Angelo e l’algebra delle combinazioni casuali
Succedono a volte eventi imprevisti.
O solo rinviati, perché da tempo non passavi da quella strada e quel giorno
invece sì, per caso.
Oppure nati per una combinazione puramente casuale, algebrica e ignota, di
tempi. Se solo Angelo non si fosse fermato a guardare i libri esposti fino sul
marciapiedi di quella piccola libreria del paese antico forse nulla sarebbe
successo.
Angelo era sceso lì dal piccolo borgo in collina dove, ritiratosi dal lavoro a
seguito dell’incidente del cavalcavia - di cui portava ancora i segni nelle
giornate più umide quando camminava e a stento nascondeva il suo leggero
zoppicare – si era ritirato. I soldi dell’assicurazione e uno scivolo aziendale
gli avevano permesso di lasciare lavoro e casa di Milano.
Era tornato, quasi per scommessa con se stesso per vedere se si fosse medicato
col tempo anche l’altro suo male, alcune volte, l’anno prima alla stazione della
metropolitana e della ferrovia, all’ora che conosceva essere quella di Marianna.
Non è che avesse poi una voglia così reale di vederla arrivare.

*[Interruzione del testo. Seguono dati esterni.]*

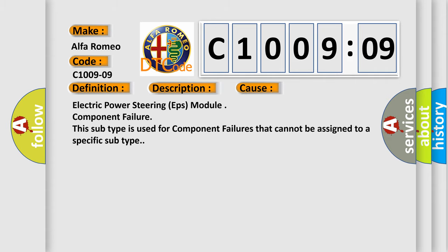This diagnostic error occurs most often in these cases: Electric Power Steering EPS module Component Failure. This subtype is used for component failures that cannot be assigned to a specific subtype.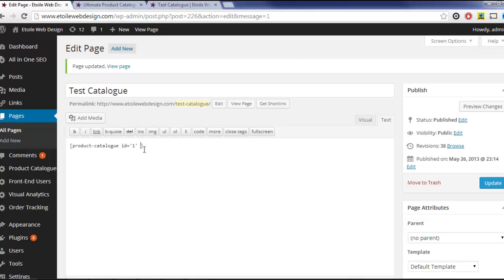You can add the exclude layouts attribute to not put in one or more layouts when your catalog displays. Finally, you can put in the starting layout attribute to set which layout will be displayed initially when your catalog loads.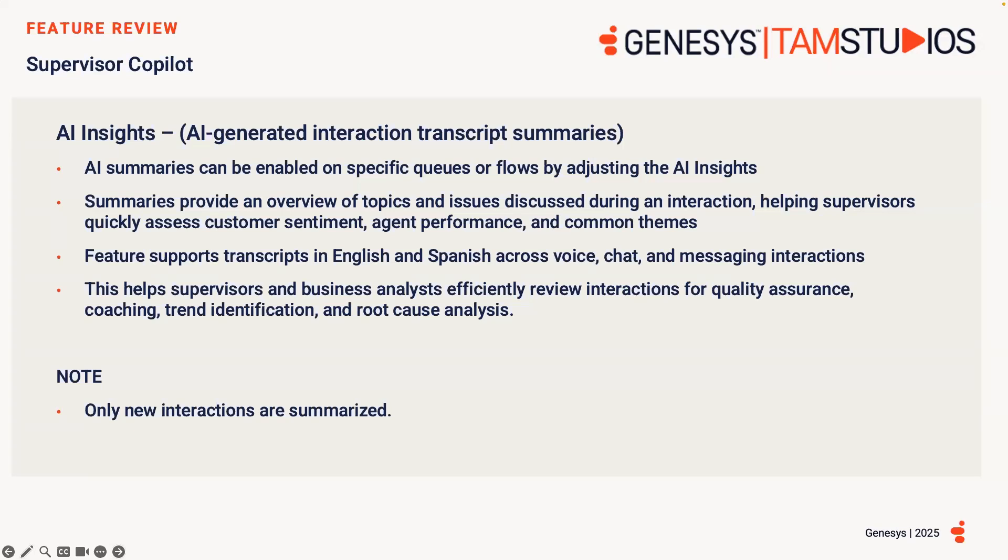These summaries provide an overview for key topics and issues discussed during an interaction, helping supervisors quickly assess customer sentiment, agent performance, and common themes without reading the full transcript. This feature supports transcripts in English and Spanish across voice, chat, and messaging interactions, and helps supervisors and business analysts efficiently review interactions for quality assurance, coaching, trend identification, and root cause analysis. Please note that only new interactions are summarised once enabled.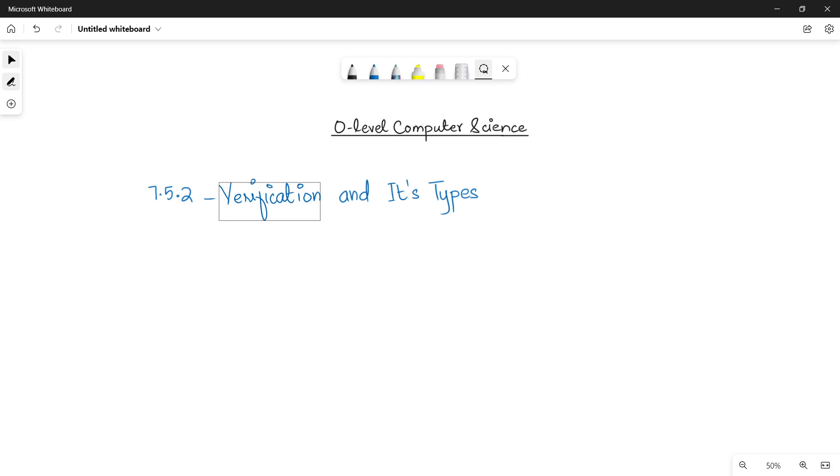Asalaamu alaikum students, this is Farwa Bhatul, your O level computer science instructor. Welcome to another video. In this video I will be talking about verification and its types.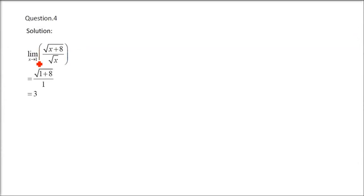Same thing here. Just put x as 1. So, square root of 9, 8 plus 1 is 9 by square root of 1. Square root of 9 is 3. So, 3 by 1 is 3.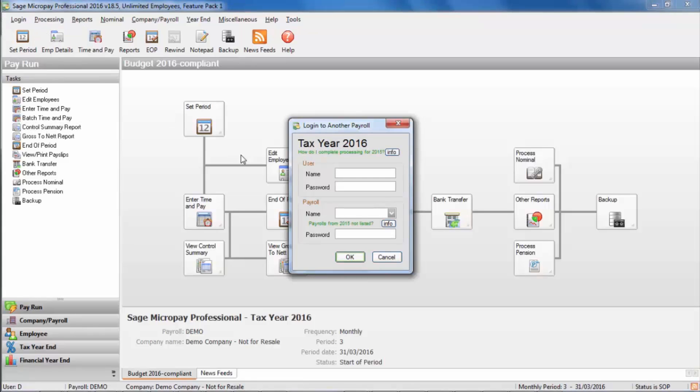At the login window, enter the username admin. Then enter the administrator password. The default password is pass unless you've changed it. Click OK.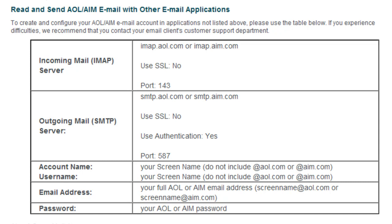If you're thinking of getting a Yahoo Mail account, don't, because it's like the dial-up of today. I would get a Gmail. So that is how you set it up.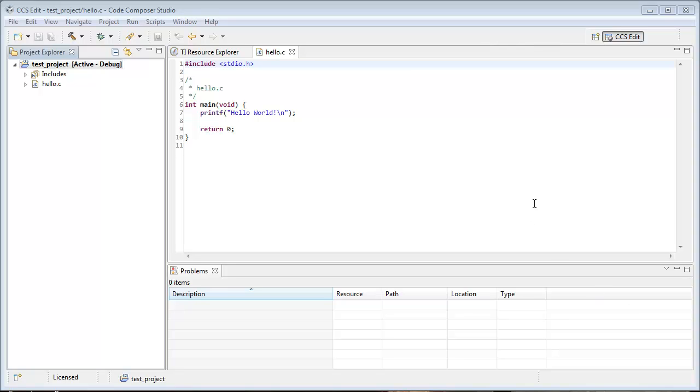Hello, this is George Mock from Texas Instruments with a quick video on how to enable compiler optimization on your project.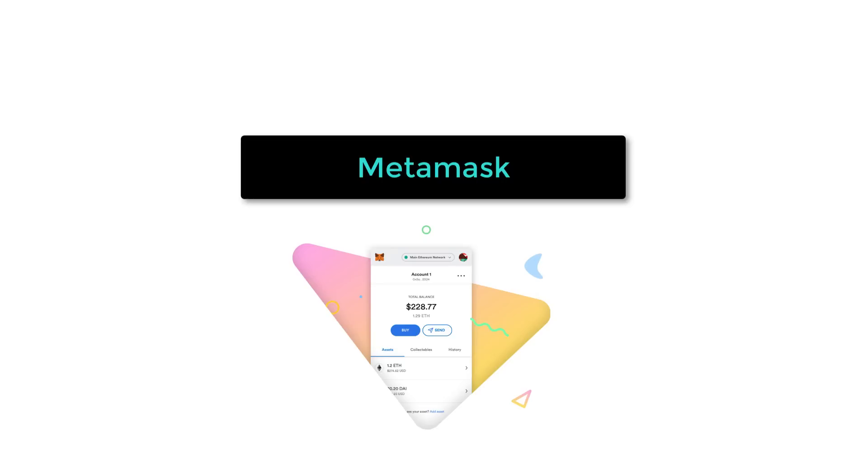So that was a very short intro to Web3 development. If you want a longer intro to Web3 development, you can check out this other video where I give a full roadmap to become a blockchain developer in 2021. I will see you there!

Era a metà tra l’esorcismo e un piccolo atto di masochismo, come quando da
ragazzo si compiaceva di sentire pulsare, sotto la crosta al ginocchio, la carne
nuova e il sangue, nello scemare del dolore, dopo ogni caduta dai pattini o
dalla bicicletta. O una più cruenta partita di pallone su un campo che aveva
ghiaia fina al posto di erba proprio nell’aria di rigore.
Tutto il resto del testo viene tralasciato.